Cardiomyocytes from young (4-mo) and aging (12- and 18-mo) male lean and the leptin deficient ob/ob obese mice were treated with leptin (0.5, 1.0 and 50 nM) for 4 hrs in vitro. High fat diet (45% calorie from fat) and the leptin receptor mutant db/db obesity models at young and older age were used for comparison. Cardiomyocyte contractile and intracellular Ca2+ properties were evaluated including peak shortening (PS), maximal velocity of shortening/relengthening (+/- dL/dt), time-to-PS (TPS), time-to-90% relengthening (TR(90)), intracellular Ca2+ levels and decay.

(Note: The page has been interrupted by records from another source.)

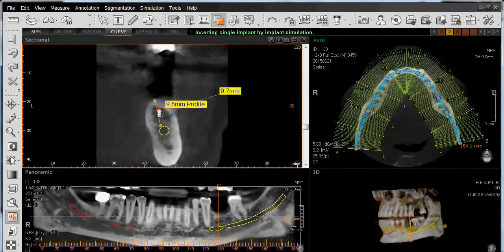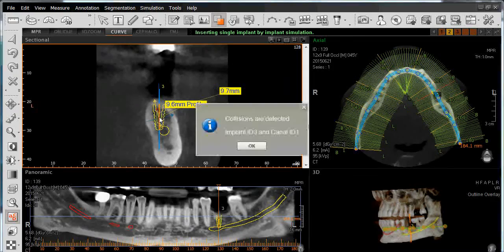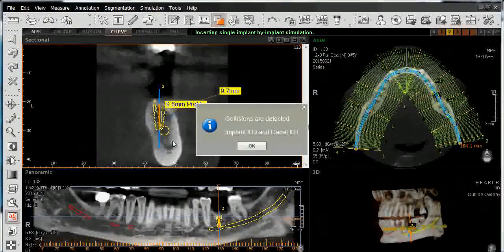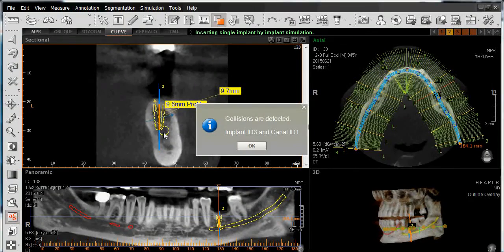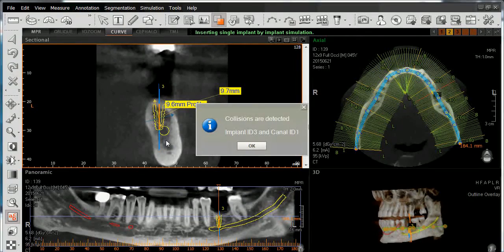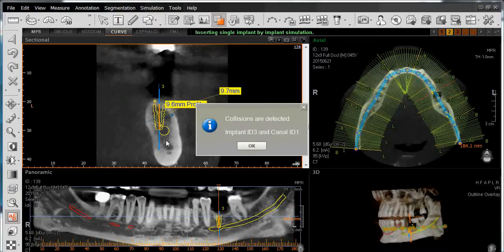Position the implant either in the sectional view or panoramic view and left-click once. Once the implant has been placed, we can then maneuver it as we need to. Note that there is a collision detection identifying the fact that we placed our implant too close to the superior border of our alveolar canal.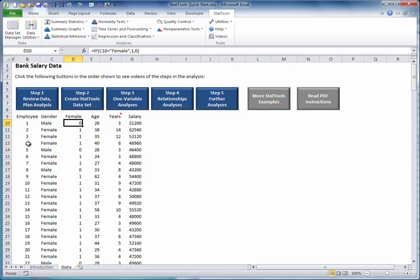You might then want to explore relationships between the variables. For example, you might want to know whether males tend to have more years of experience than females, or whether older employees make higher salaries than younger employees. You might then want to involve all of the variables in a regression analysis to see whether females make lower salaries than males after controlling for age and years of experience.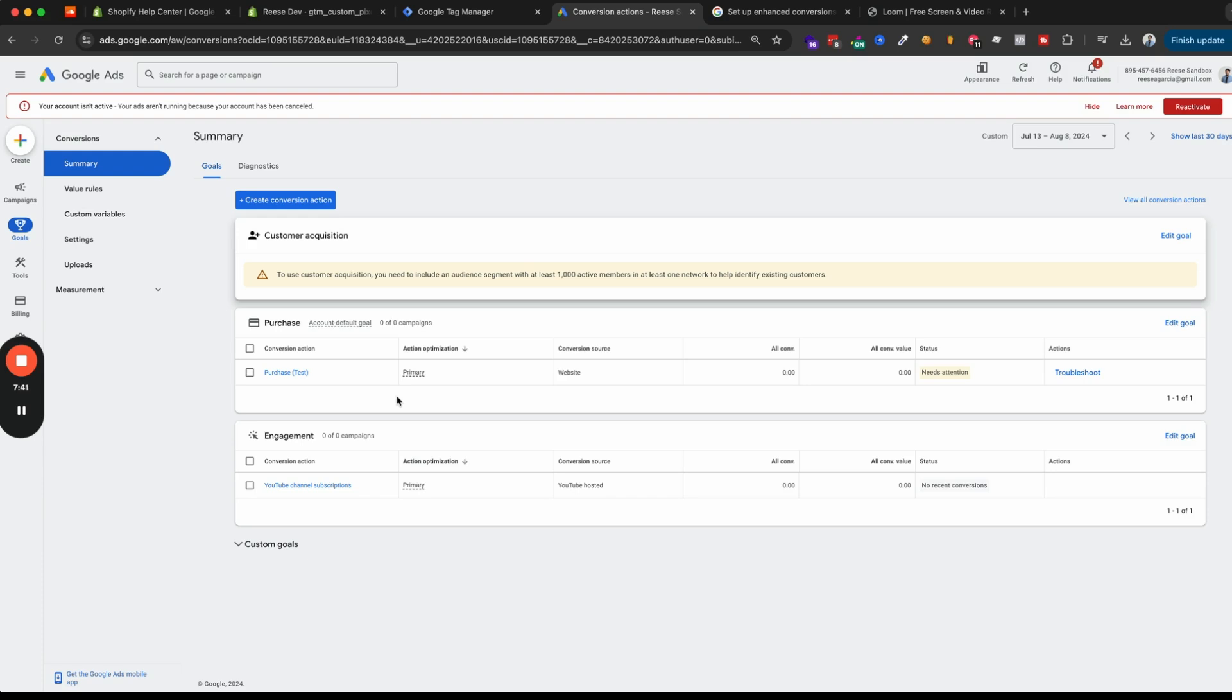And it's well worth taking the time to do this because that can mean that not only are you seeing more conversions reported, but if you're using smart bidding, which most folks are, then that means that the platform is able to optimize more easily to find other folks that are relevant potential customers. So anyway, thanks for watching. And if you found this useful, then I'd hugely appreciate a like and subscribe. Thanks.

O2(-) levels were measured by dihydroethidium fluorescence.

RESULTS

Our results revealed reduced survival in ob/ob mice. Aging and obesity reduced PS, +/- dL/dt, intracellular Ca2+ rise, prolonged TR(90) and intracellular Ca2+ decay, enhanced O2(-) production and p(47phox) expression without an additive effect of the two, with the exception of intracellular Ca2+ rise. Western blot analysis exhibited reduced Ob-R expression and STAT-3 phosphorylation in both young and aging ob/ob mice, which was restored by leptin. Aging and obesity reduced phosphorylation of Akt, eNOS and p38 while promoting pJNK and pIkappaB. Low levels of leptin reconciled contractile, intracellular Ca2+ and cell signaling defects as well as O2(-) production and p(47phox) upregulation in young but not aging ob/ob mice. High level of leptin (50 nM) compromised contractile and intracellular Ca2+ response as well as O2(-) production and stress signaling in all groups. High fat diet-induced and db/db obesity displayed somewhat comparable aging-induced mechanical but not leptin response.

CONCLUSIONS

Taken together, our data suggest that aging and obesity compromise cardiac contractile function possibly via phosphorylation of Akt, eNOS and stress signaling-associated O2(-) release.